The abnormal bending of the arm mainly resulted from a mismatch between the training and testing representations — my training data used joint-space representations for actions and states, while during testing, I used the end-effector representation as the input to the policy network. As a result, some unrealistic joint motions occurred. Currently, during the initial execution phase, the joints generally follow the directions in the dataset, but in later stages, the arm still struggles to reach the specified task positions.

Thank you for your reply! Hope this helps, and I’m also curious to hear about your results after trying different batch sizes!
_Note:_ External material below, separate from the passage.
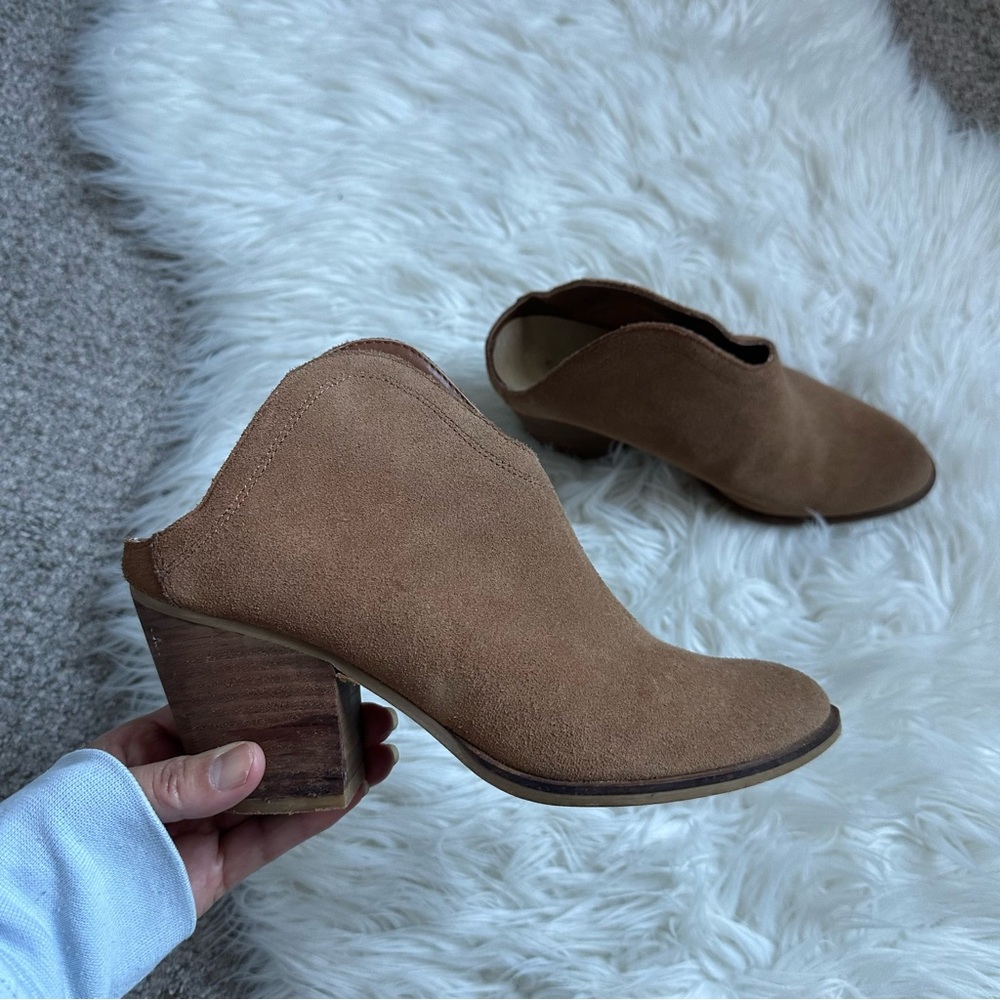 Chinese Laundry Brown Suede Block Heel Mules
SJYYounge avatar Oct 13 '25 13:10 SJYYounge

Thank you for your reply! I use Aloha's HDF5 as the data collection structure, so it is different from yours. I will continue to check again.

meijie-jesse avatar Oct 15 '25 08:10 meijie-jesse

i use the same robot arm,but it seems performs well.

knightmell avatar Nov 03 '25 07:11 knightmell

Thank you for your response. And i would like to know how many data samples did you use for fine-tuning? Does each task require a certain amount of data for training? By 'each task', do you mean data from the same scene and with the same language instruction?